# [Activity]
The answer must reproduce the listing exactly, with every picture left out.

# [Dataset section]

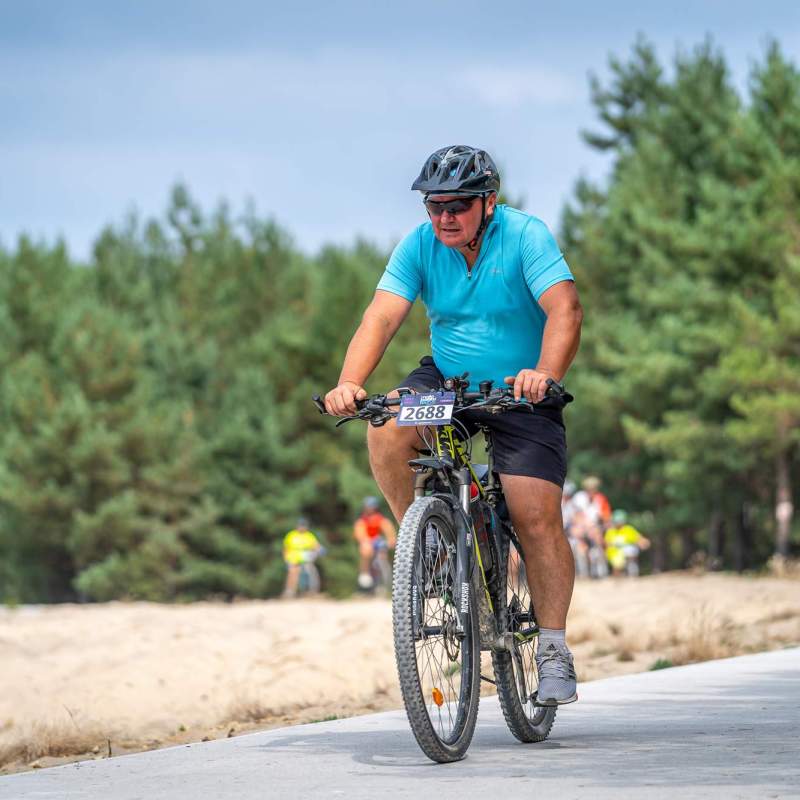 Małopolska Tour 2024 - Klucze - zdjęcie z wydarzenia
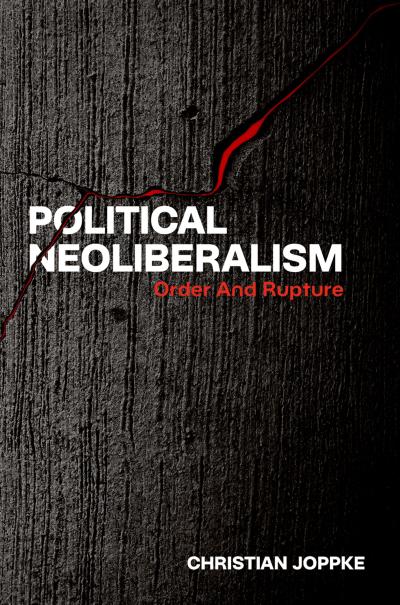 Political Neoliberalism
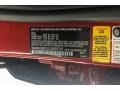 2018 Blazing Red Metallic Mini Clubman Cooper S  photo #21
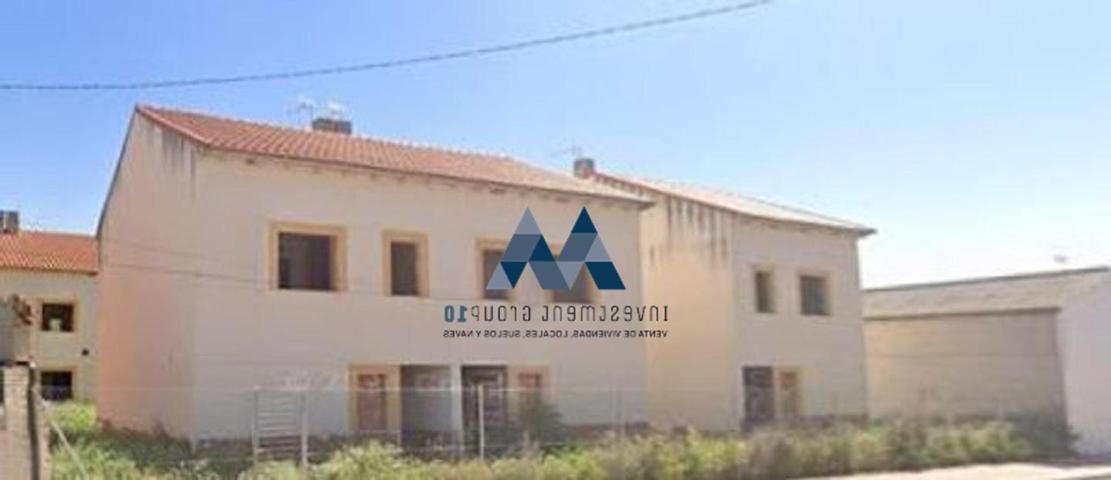 Casa - Chalet en venta en Villasequilla de 156 m2 photo 0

# [Answer to the exercise]
 Małopolska Tour 2024 - Klucze - zdjęcie z wydarzenia
 Political Neoliberalism
 2018 Blazing Red Metallic Mini Clubman Cooper S  photo #21
 Casa - Chalet en venta en Villasequilla de 156 m2 photo 0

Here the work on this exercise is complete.